▸ **DIRECTIONS FOR THIS TASK**:
Write out every record below exactly as it appears.

▸ **MATERIALS PROVIDED**:
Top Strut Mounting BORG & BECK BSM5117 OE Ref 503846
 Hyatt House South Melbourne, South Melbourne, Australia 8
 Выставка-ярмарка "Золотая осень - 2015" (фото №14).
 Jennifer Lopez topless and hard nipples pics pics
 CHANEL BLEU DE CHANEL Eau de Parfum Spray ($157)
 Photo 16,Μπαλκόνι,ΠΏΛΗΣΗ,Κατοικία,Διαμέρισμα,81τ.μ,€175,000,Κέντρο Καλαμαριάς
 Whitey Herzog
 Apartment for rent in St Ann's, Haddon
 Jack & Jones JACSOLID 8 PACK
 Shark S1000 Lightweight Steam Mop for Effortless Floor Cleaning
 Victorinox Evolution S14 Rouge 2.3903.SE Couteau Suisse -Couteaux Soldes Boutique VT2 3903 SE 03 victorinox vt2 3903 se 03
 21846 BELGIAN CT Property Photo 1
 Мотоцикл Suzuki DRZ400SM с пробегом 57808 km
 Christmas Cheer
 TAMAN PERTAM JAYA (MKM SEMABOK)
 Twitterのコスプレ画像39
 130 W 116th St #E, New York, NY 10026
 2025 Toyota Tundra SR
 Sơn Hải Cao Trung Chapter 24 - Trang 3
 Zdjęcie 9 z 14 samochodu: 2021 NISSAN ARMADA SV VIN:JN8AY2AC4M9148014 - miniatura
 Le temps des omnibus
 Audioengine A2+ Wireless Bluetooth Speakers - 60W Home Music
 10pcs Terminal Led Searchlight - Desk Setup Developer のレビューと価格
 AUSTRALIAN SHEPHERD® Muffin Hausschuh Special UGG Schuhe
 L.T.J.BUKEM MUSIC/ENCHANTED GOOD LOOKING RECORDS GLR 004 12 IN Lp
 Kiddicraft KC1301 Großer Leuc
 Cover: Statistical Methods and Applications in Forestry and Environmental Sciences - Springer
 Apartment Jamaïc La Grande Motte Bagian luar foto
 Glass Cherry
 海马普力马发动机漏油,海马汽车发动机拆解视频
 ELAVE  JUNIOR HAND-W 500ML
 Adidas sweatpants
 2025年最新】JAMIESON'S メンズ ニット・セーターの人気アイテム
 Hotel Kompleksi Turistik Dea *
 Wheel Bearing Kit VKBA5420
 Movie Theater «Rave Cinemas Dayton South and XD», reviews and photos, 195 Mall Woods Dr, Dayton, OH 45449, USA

▸ **TASK SOLUTION**:
Top Strut Mounting BORG & BECK BSM5117 OE Ref 503846
 Hyatt House South Melbourne, South Melbourne, Australia 8
 Выставка-ярмарка "Золотая осень - 2015" (фото №14).
 Jennifer Lopez topless and hard nipples pics pics
 CHANEL BLEU DE CHANEL Eau de Parfum Spray ($157)
 Photo 16,Μπαλκόνι,ΠΏΛΗΣΗ,Κατοικία,Διαμέρισμα,81τ.μ,€175,000,Κέντρο Καλαμαριάς
 Whitey Herzog
 Apartment for rent in St Ann's, Haddon
 Jack & Jones JACSOLID 8 PACK
 Shark S1000 Lightweight Steam Mop for Effortless Floor Cleaning
 Victorinox Evolution S14 Rouge 2.3903.SE Couteau Suisse -Couteaux Soldes Boutique VT2 3903 SE 03 victorinox vt2 3903 se 03
 21846 BELGIAN CT Property Photo 1
 Мотоцикл Suzuki DRZ400SM с пробегом 57808 km
 Christmas Cheer
 TAMAN PERTAM JAYA (MKM SEMABOK)
 Twitterのコスプレ画像39
 130 W 116th St #E, New York, NY 10026
 2025 Toyota Tundra SR
 Sơn Hải Cao Trung Chapter 24 - Trang 3
 Zdjęcie 9 z 14 samochodu: 2021 NISSAN ARMADA SV VIN:JN8AY2AC4M9148014 - miniatura
 Le temps des omnibus
 Audioengine A2+ Wireless Bluetooth Speakers - 60W Home Music
 10pcs Terminal Led Searchlight - Desk Setup Developer のレビューと価格
 AUSTRALIAN SHEPHERD® Muffin Hausschuh Special UGG Schuhe
 L.T.J.BUKEM MUSIC/ENCHANTED GOOD LOOKING RECORDS GLR 004 12 IN Lp
 Kiddicraft KC1301 Großer Leuc
 Cover: Statistical Methods and Applications in Forestry and Environmental Sciences - Springer
 Apartment Jamaïc La Grande Motte Bagian luar foto
 Glass Cherry
 海马普力马发动机漏油,海马汽车发动机拆解视频
 ELAVE  JUNIOR HAND-W 500ML
 Adidas sweatpants
 2025年最新】JAMIESON'S メンズ ニット・セーターの人気アイテム
 Hotel Kompleksi Turistik Dea *
 Wheel Bearing Kit VKBA5420
 Movie Theater «Rave Cinemas Dayton South and XD», reviews and photos, 195 Mall Woods Dr, Dayton, OH 45449, USA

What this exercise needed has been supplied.